Databricks Community

rgower · ‎02-03-2025

I have a regularly scheduled job that runs a PySpark Notebook that GETs semi-structured JSON data from an external API, loads that data into dataframes, and saves those dataframes to delta tables in Databricks.
I have the schema for the JSON defined in my Notebook, but because the API data is semi-structured, I have to convert some of the fields into strings as those fields could have multiple data types in the source data (struct, array, int, string, etc.). A truncated example of this schema definition is below, where the "data" field is the field to focus on:

...

StructField("fields", ArrayType(StructType([

StructField("id", StringType(), True),

StructField("name", StringType(), True),

StructField("type", StringType(), True),

StructField("value", StructType([

StructField("data", StringType(), True),

StructField("type", StringType(), True)

...

Whenever I run the notebook directly, Databricks saves the rows where those fields are JSON structures as properly formatted JSON strings like so (data redacted):

"{'id': *****, 'type': '*****', 'title': '********', 'allDay': ****, 'startTime': '*****', 'endTime': '*****', 'attendees': [{'emailAddress':'*****' ..."

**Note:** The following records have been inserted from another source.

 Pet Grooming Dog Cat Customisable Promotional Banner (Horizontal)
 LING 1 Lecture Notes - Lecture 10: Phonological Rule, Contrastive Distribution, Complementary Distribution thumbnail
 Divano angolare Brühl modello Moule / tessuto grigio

However, when I run this Notebook as part of a job, any of the fields that are structs will get converted into useless strings that are no longer accessible in the same way JSON strings are, like so:

"{id=*****, type=*****, title=********, allDay=****, startTime=*****, endTime=*****, attendees=[{emailAddress=****** ..."

Is this expected behavior, and if not, is there anything I can configure in the Job that would force the same behavior I see in when I run the Notebook directly?
I tried using a table with a Variant datatype column to load the data into instead, but it seems like the conversion that flattens this JSON into an unusable string happens when I load the data into a Spark dataframe and not the target table, so that solution doesn't seem like it will work until Variants are supported in dataframes in Spark 4.0.

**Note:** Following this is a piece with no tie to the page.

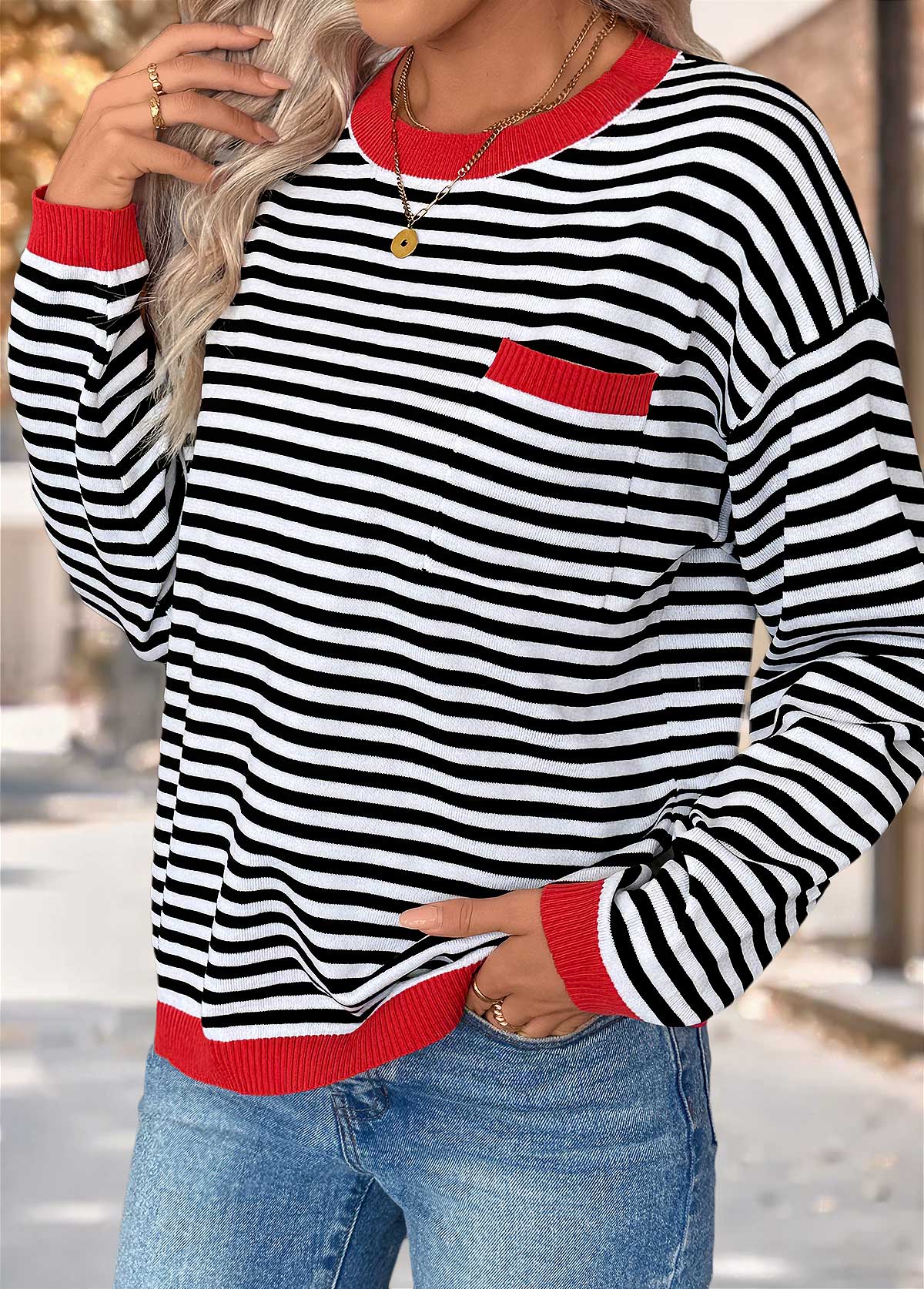 Black Patch Pocket Striped Long Sleeve Round Neck Sweater | picture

Alberto_Umana · ‎02-03-2025

Hi @rgower,

Are you using same cluster compute for both scenarios, run via notebook manually and via workflow job?

rgower · ‎02-03-2025

@Alberto_Umana That may be the root cause - I did some additional testing in a development environment and found that the difference seems to be Serverless compute vs All-Purpose/Job Compute clusters.

When I run the Notebook and Job via serverless compute, the JSON is formatted correctly.
When I run the Notebook and Job via an All-Purpose Compute (tested on a few different versions DBR 15.4, 16.0, 16.1, and 16.2 beta), or the Job via Job Compute, the JSON is formatted incorrectly.

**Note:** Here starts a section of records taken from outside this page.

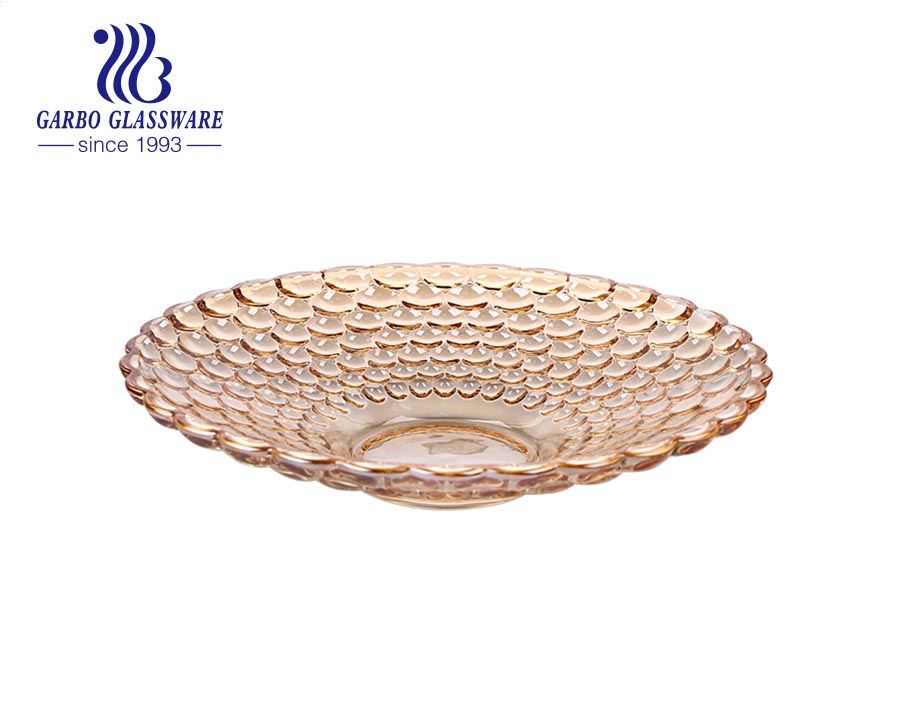 Manufacturer cheap decoration glass dessert fruit plate glass dry fruit plate glassware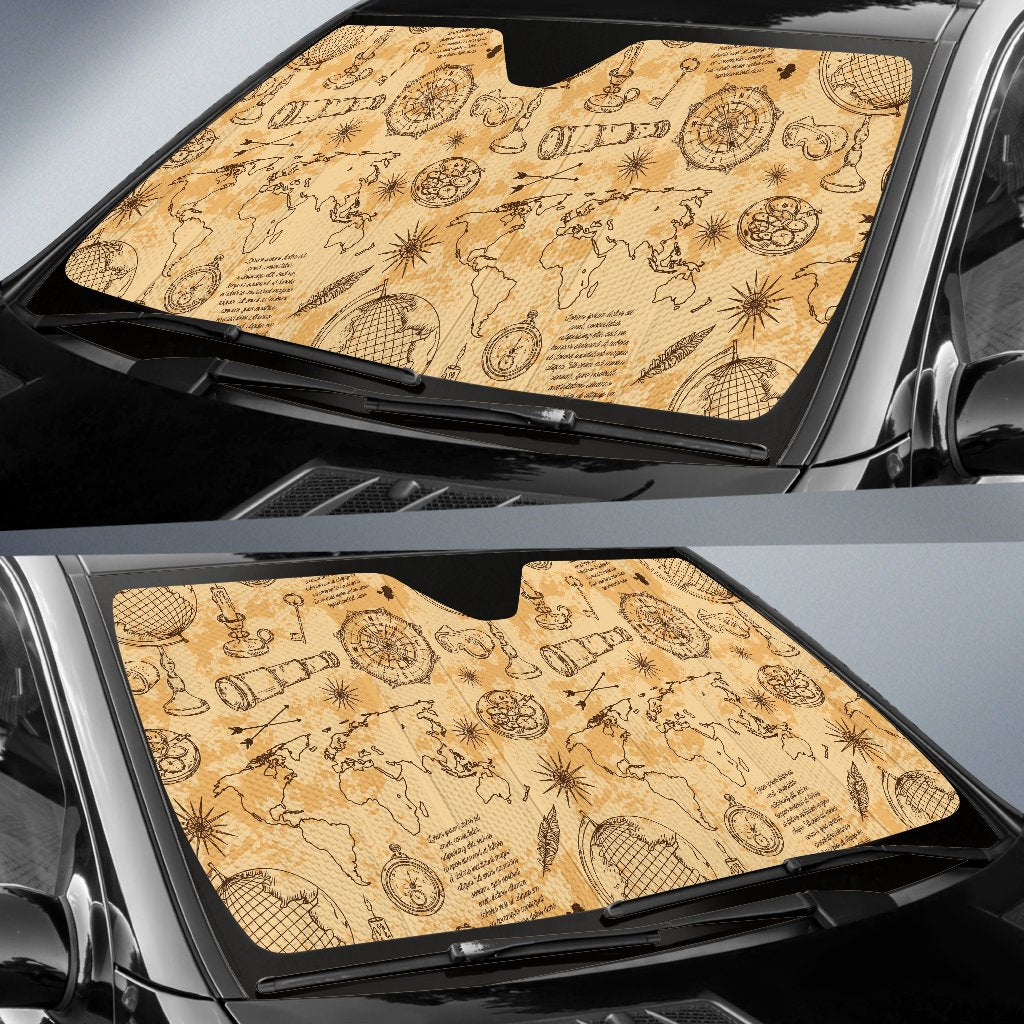 Pattern Print World Map Car Sun Shade-grizzshop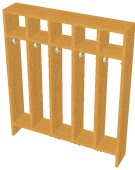 Шкаф для полотенец напольный 746х140х850 мм пятисекционный / пп-1/5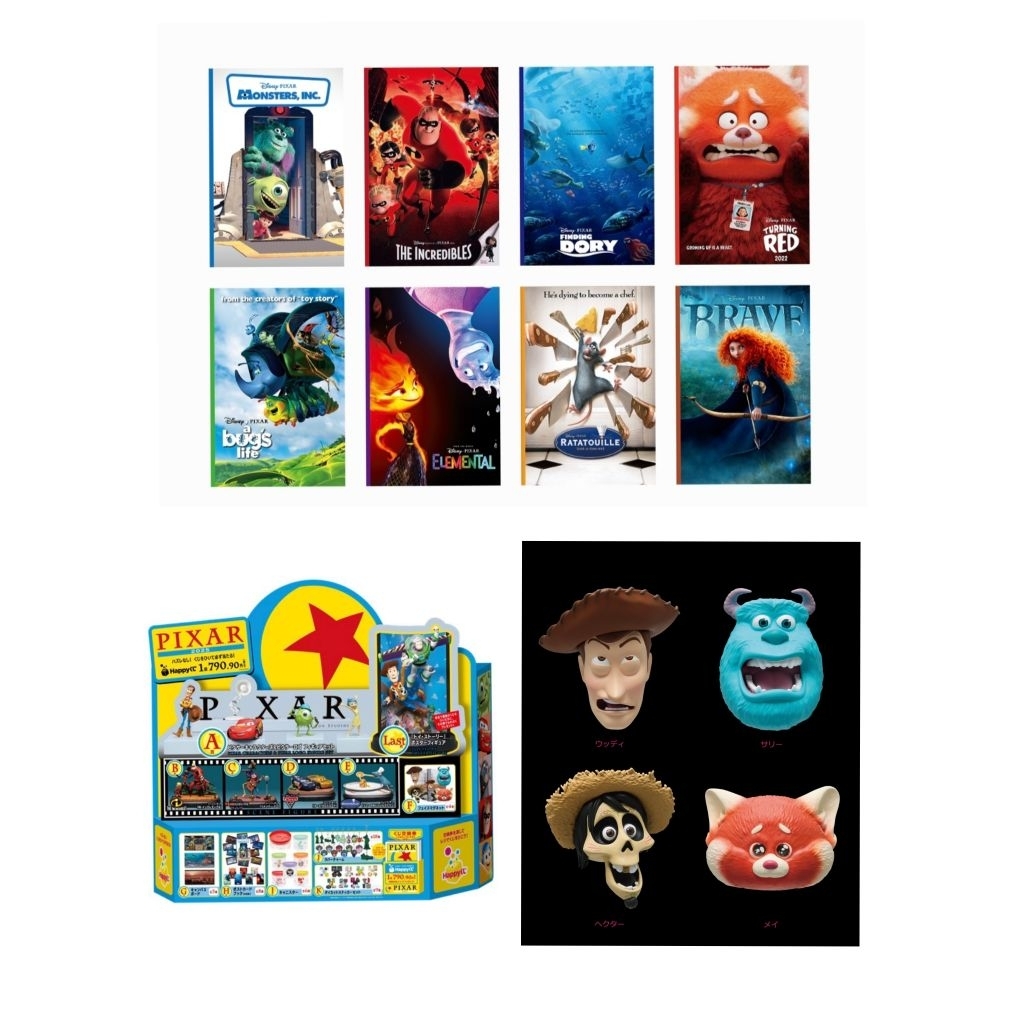 พร้อมส่ง Happy Lottery Pixar 2025 Happy C : F Prize magnet, H Prize postcard book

I've been running the job via Job Compute because I was getting OOM errors and driver crashes when running the job via Serverless compute, but I might try to break up the job into multiple jobs to see if I can get Serverless compute to work for me.

All this begs the question - is this new result expected? Should I expect different JSON formatting results on different computes, or is this something that should be investigated deeper?

Alberto_Umana · ‎02-03-2025

Hi @rgower,

Thanks for your comments... I think it should be investigated further, since serverless should be using 15.4 DBR. I'll see if I can find something internally or If I can replicate it... otherwise would require a case with us to dig deeper.